Luke Yellow Robe is a living example that Native Americans can transcend the sense of hopelessness pervading America’s reservations. He grew up on reservations in several states, finally settling in Rapid City.
Yellow Robe had the importance of community service instilled in him at an early age, and it stuck. He began his career as a law enforcement officer with the Pennington County Sheriff’s Department. After 11 years of service, he attended the FBI’s National Academy. Graduation from the Academy opened the doors of federal service to Yellow Robe—something he uses to help Native people to this day as an Indian Child Welfare Act (ICWA) expert witness.
Before this, Yellow Robe worked to assist abused children as cultural relations director for Children’s Home Society of Rapid City. His service continued when he joined the South Dakota Community Foundation’s grantmaking committee in the 1990s, focusing on Native-specific nonprofits. Yellow Robe was with the South Dakota Community Foundation until 2003.
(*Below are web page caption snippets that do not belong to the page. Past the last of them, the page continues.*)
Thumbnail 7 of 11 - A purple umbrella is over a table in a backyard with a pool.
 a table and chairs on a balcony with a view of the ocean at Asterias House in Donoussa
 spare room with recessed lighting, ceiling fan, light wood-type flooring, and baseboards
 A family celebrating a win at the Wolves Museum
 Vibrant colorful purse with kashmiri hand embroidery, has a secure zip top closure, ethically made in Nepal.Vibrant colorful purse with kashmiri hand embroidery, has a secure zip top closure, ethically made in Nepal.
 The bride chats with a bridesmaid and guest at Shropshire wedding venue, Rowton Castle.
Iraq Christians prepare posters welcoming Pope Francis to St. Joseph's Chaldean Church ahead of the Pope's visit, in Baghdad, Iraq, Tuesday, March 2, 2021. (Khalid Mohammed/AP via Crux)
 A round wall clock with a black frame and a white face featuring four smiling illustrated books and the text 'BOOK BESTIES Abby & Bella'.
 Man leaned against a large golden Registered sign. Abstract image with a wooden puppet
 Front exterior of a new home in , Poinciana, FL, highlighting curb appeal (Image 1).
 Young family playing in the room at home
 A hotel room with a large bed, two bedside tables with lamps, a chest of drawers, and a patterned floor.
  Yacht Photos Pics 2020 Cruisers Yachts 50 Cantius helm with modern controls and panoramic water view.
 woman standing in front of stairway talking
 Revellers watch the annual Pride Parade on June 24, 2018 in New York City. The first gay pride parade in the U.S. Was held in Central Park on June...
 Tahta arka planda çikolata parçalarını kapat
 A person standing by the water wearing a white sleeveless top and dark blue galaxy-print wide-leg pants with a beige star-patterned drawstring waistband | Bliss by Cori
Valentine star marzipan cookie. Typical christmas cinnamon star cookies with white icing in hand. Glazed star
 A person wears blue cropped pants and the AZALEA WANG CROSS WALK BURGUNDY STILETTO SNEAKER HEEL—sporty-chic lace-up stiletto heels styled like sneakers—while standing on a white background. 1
“I’ve been a part of organizations that have benefitted from being able to turn to the South Dakota Community Foundation for grants,” Yellow Robe says. “I’ve seen it in motion, and the reaction of an organization when they end up being a recipient for a grant—it’s always a blessing.”
Today, Yellow Robe works as a consultant and motivational speaker at Yellow Robe Consulting firm. “We connect with tribes to provide services at any level through different leadership programs,” Yellow Robe says. “We want to be part of enlightening these communities.”
Yellow Robe is currently working on a job creation program designed to give Native Americans skilled employment options with Native-owned and operated businesses on South Dakota reservations. Well-paying, professionally fulfilling jobs are scarce on the reservation, and leaving the reservation isn’t as easy as it sounds. For many, leaving means also leaving family, leaving heritage, and leaving culture.
“At our Native colleges you can get a degree, but are there any jobs in the reservation setting for that skill? Not often,” Yellow Robe notes. “So, many graduates end up not using their education when they return to the reservation. What we’re excited about is forming partnerships with Native American community colleges and creating courses for them so we can offer a direct line into our field of expertise, and employment on the reservation.”
Bringing Native-owned and operated professional-level employment opportunities to our reservations will help keep the best and brightest in the places they’re needed the most. It will also go a long way toward re-establishing hope and pride, which have been sorely missing for so long. It is Yellow Robe’s hope that others will follow in his footsteps in the coming years.
“I want to see my people—Native people—have an opportunity to take care of their families, to have an opportunity to feel good about themselves,” Yellow Robe says. “I’d like to see many more organizations, many more people working together on a common purpose, building harmony so we can be effective at anything we chose to pursue.”